When designing an experiment, it’s best practice to set your success criteria upfront (so you don’t talk yourself into the outcome you want after the test ends).
A good, quantitative experiment will set a significance threshold with a maximum p-value. But, what should you choose as your p-value?
It’s tempting to take scientific best practices (for obvious reasons) and set your p-value threshold at ≤ 0.05, but you can generally be much more liberal (up to 0.25 says Thomas Redman, author of Data Driven).
With a more pragmatic threshold, you can get to the practical insight of your experiment faster (often p-value ≤ 0.05 isn’t even possible for product experiments).
In product, stat sig is rarely the most significant piece of the puzzle (pun intended, sorry). Instead, consider the context and design of the test and its possible outcomes to determine whether there will be business significance that outweighs the statistical significance.
Say you run a before-and-after test to see which headline maximizes conversion. B results in 25% higher conversions, but you discover that someone launched a 40% everything coupon on the site during the second part of the test. Now you know your results aren’t business significant even though the p-value might look great.
On the other hand, if you run an A/B test campaign for a month and see a conversion lift of 30%, but your p-value is 0.15, you’re probably safe calling it a win and moving forward.

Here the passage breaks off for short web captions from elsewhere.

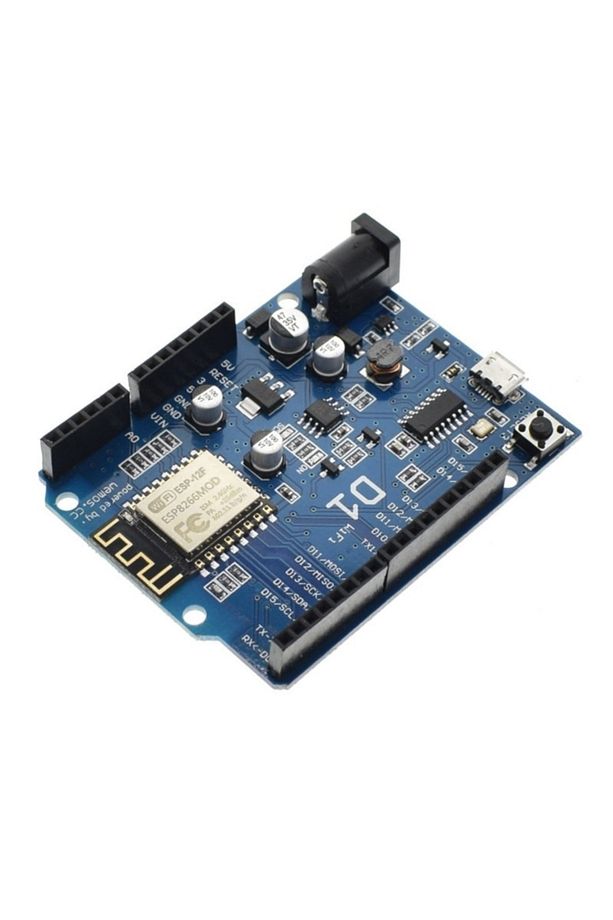 Arduino Wifi Shield Esp-12f Wifi Esp8266 Uno R3 Shield Wemos D1 Kablosuz Internet Haberleşme Iot - 7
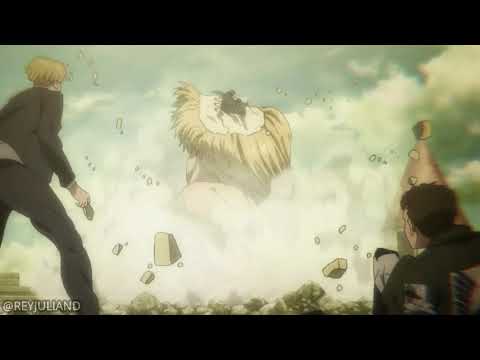 Attack on Titan Season 4 Episode 16 OST | Marley Attacks Paradis/Reiner, Pieck & Porco Arrives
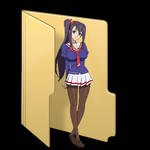 Senki Zesshou Symphogear Folder Icon By Dumpy100 On Deviantart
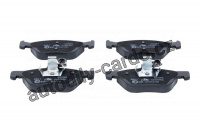 Sada brzdových destiček ATE 13.0460-7069 (AT 607069) - ALFA ROMEO, FIAT Sada brzdových destiček ATE 13.0460-7069 (AT 607069) - ALFA ROMEO, FIAT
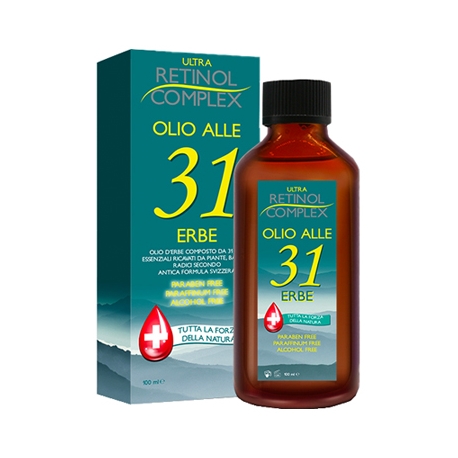 RETINOL OLIO 31 ERBE 100 ML.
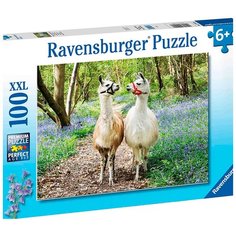 Puzzle Ламы (100 элементов) Ravensburger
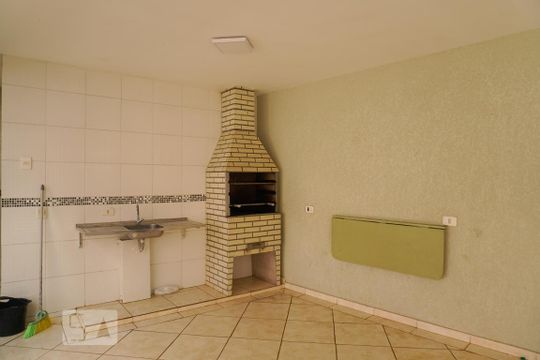 Área comum - Churrasqueira de apartamento para alugar com 2 quartos, 40m² em Vila Nhocune, São Paulo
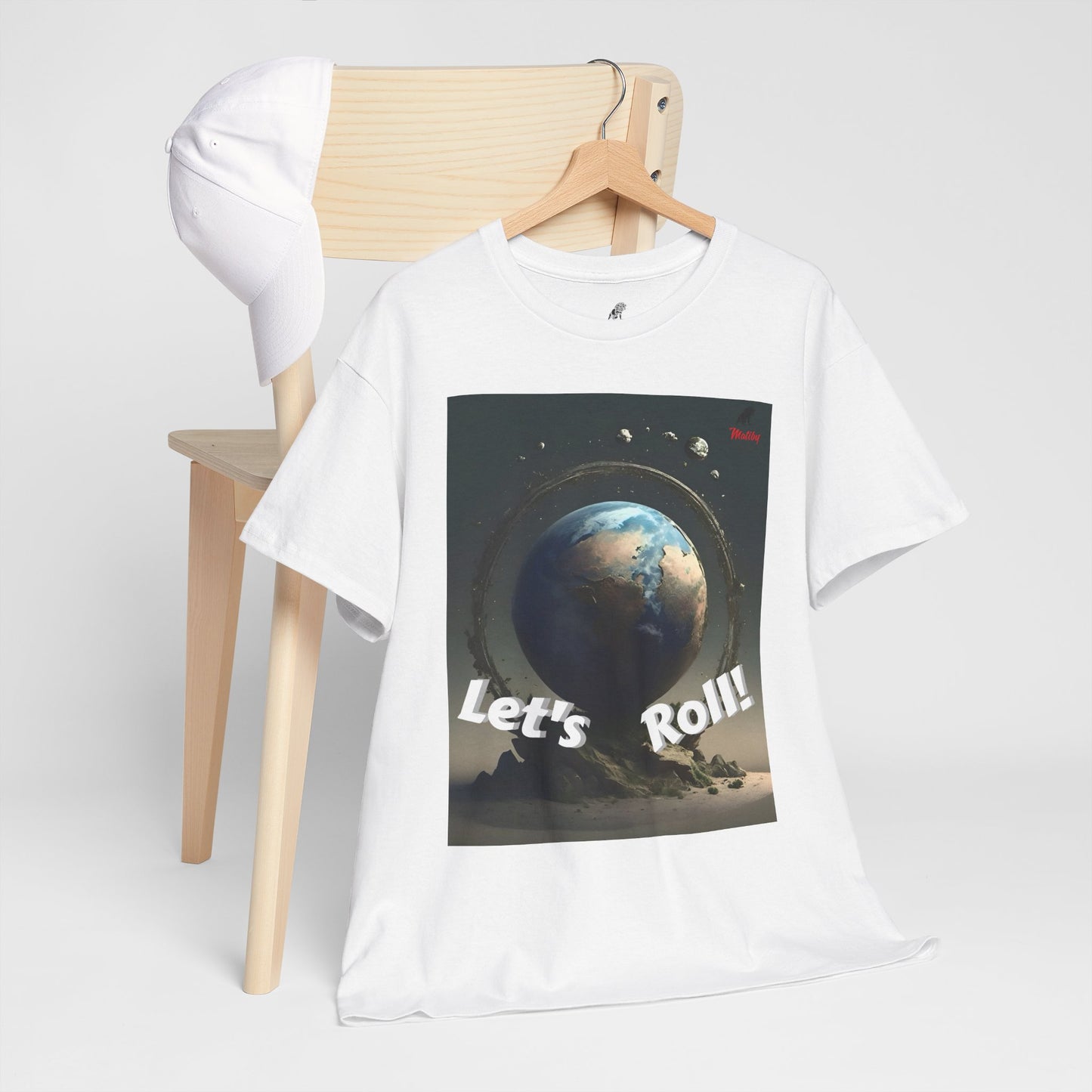 Let's Roll! Unisex Heavy Cotton Tee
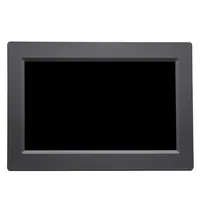 Denver PFF-1015B digital photo frame Black 25.6 cm (10.1") Touchscreen Wi-Fi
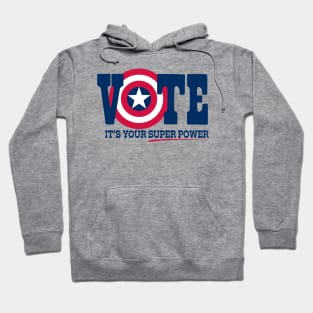 Vote: It's Your Superpower Hoodie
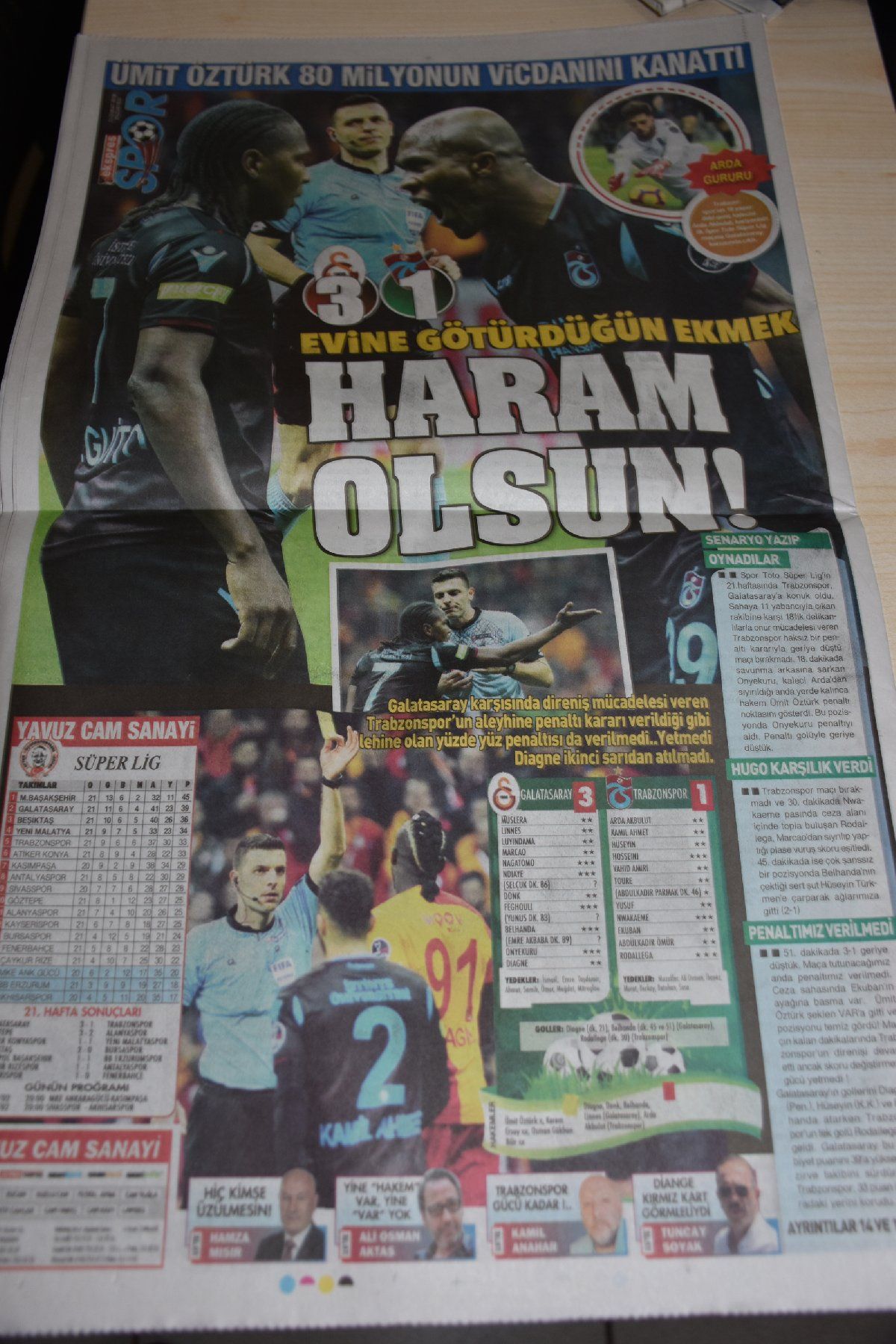 Trabzon medyası ateş püskürdü! 5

Statistical significance accounts for sampling error (basically, getting unlucky in your random selection), but most failed product experiments are due to something less hidden like poorly structured tests, unaccounted variables, or just bad analysis. When assessing business significance, you should be taking all these factors into account.
If you get those other factors right with good experiment design and execution, you can unlock meaningful insights with a more liberal approach to statistical significance.